After an investigation headed by Associate Attorney General Kevin O’Connor, four international airlines have agreed to a plea deal for charges of price-fixing cargo costs and fleecing companies of millions, which in turn have cost consumers hundreds of millions of dollars in increased prices. The plea deal settlement, which contained a total of $504 million in fines, named Air France and KLM Royal Dutch Airlines, Cathay Pacific Airways Ltd., Martinair Holland and SAS Cargo Group as the airline conspirators according to the Department of Justice.
O’Connor stated in a June 26 conference that “this investigation focuses on a conspiracy involving a number of the world’s largest airlines to manipulate air cargo transportation costs through a multi-year price fixing scheme,” and went on to not that “the conspiracy, conservatively, has affected billions of dollars in shipments.”

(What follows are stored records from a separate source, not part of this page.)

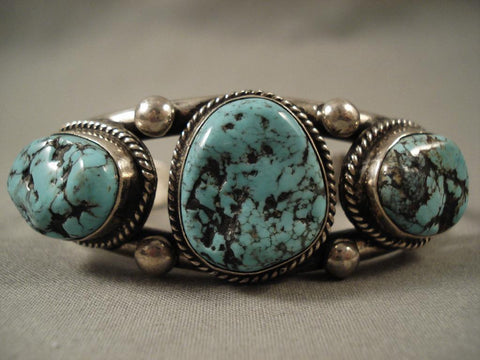 Huge Vintage Navajo Old Sleeping Beauty Turquoise Silver Bracelet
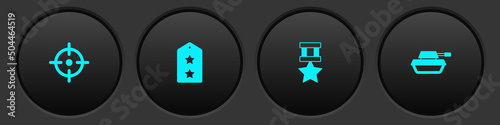 Set Target sport, Military rank, reward medal and tank icon. Vector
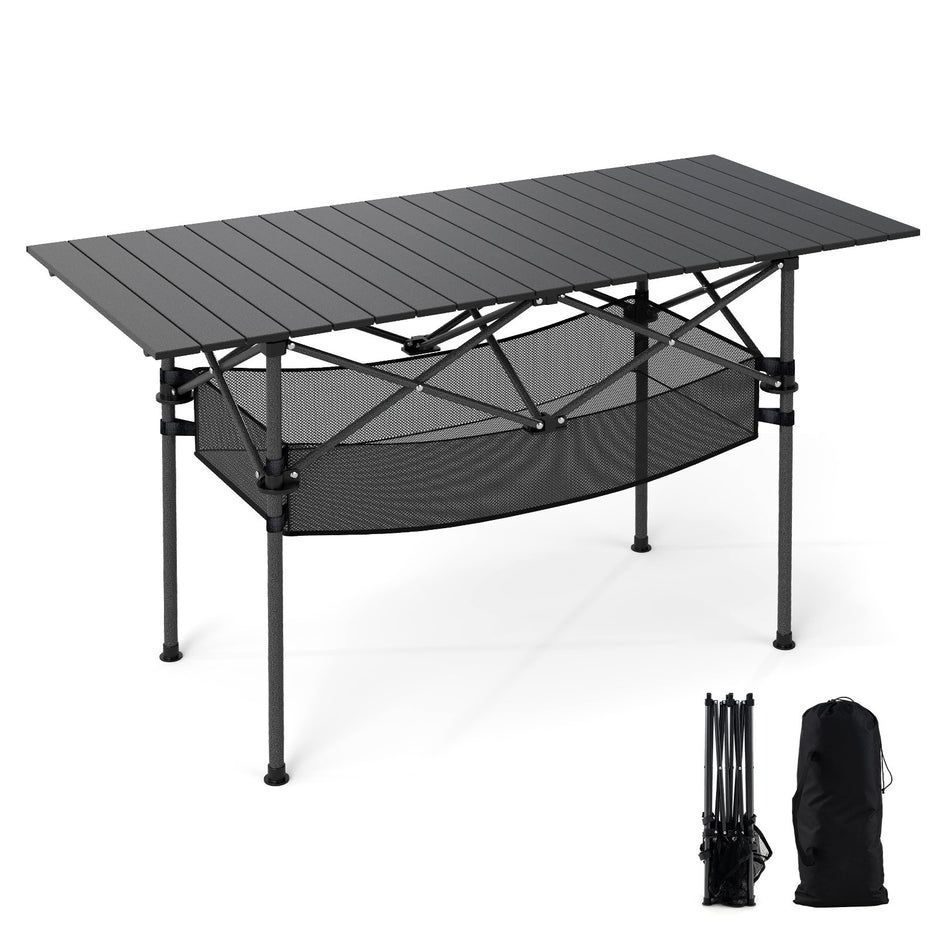 Fällbart – campingbord med rullbar aluminiumsskiva och nätkorg, fällbord – Svart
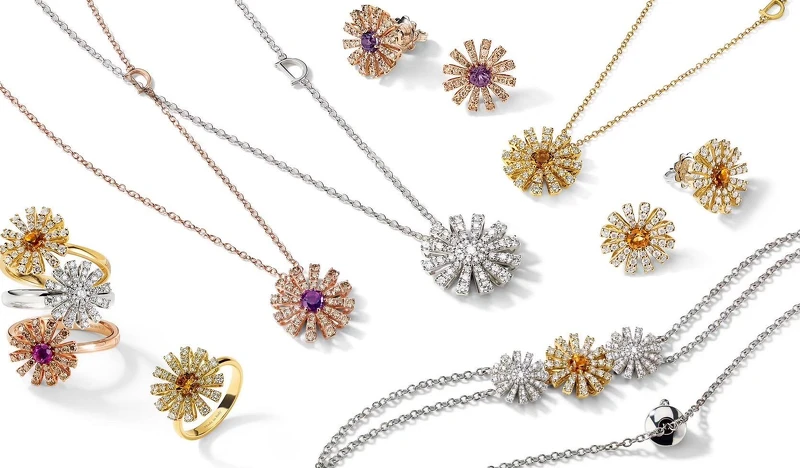 DAMIANI Margherita日常佩戴系列作品以黃金搭配鑽石、紫水晶、黃水晶、藍寶石，呈現繽紛色彩。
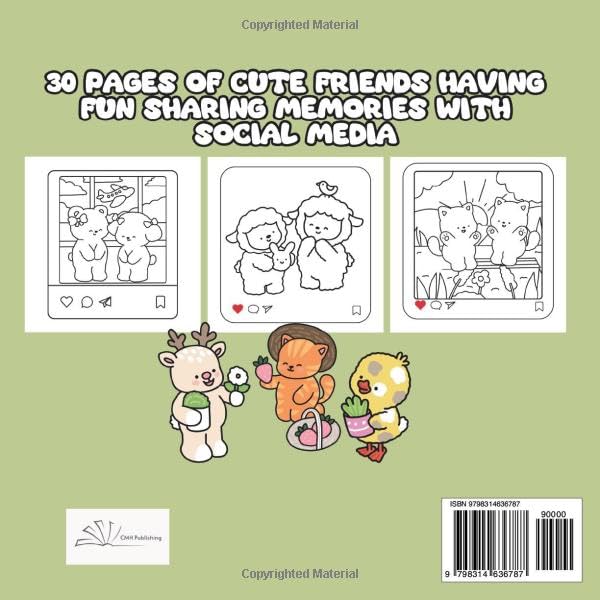 The Cozy Feed Coloring Book: Inspired by Social Media, Cute Bold Easy Coloring Book for Adults, Teens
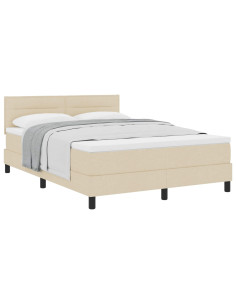 Letto a molle con materasso Crema 140 x 200 cm Tessuto 2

Justice Department spokeswoman Gina Talamona said that under the plea deal the airlines were not obligated to notify which shippers had been cheated. She added that any produce companies, which were a prime target in this price-fixing conspiracy, who hoped to recoup money should take part in one of several class action lawsuits that have already been filed.
Shippers will not be able to file claims against the $504 million, which is set to be added to a crime victims’ fund that supports almost 2,500 victim assistance programs.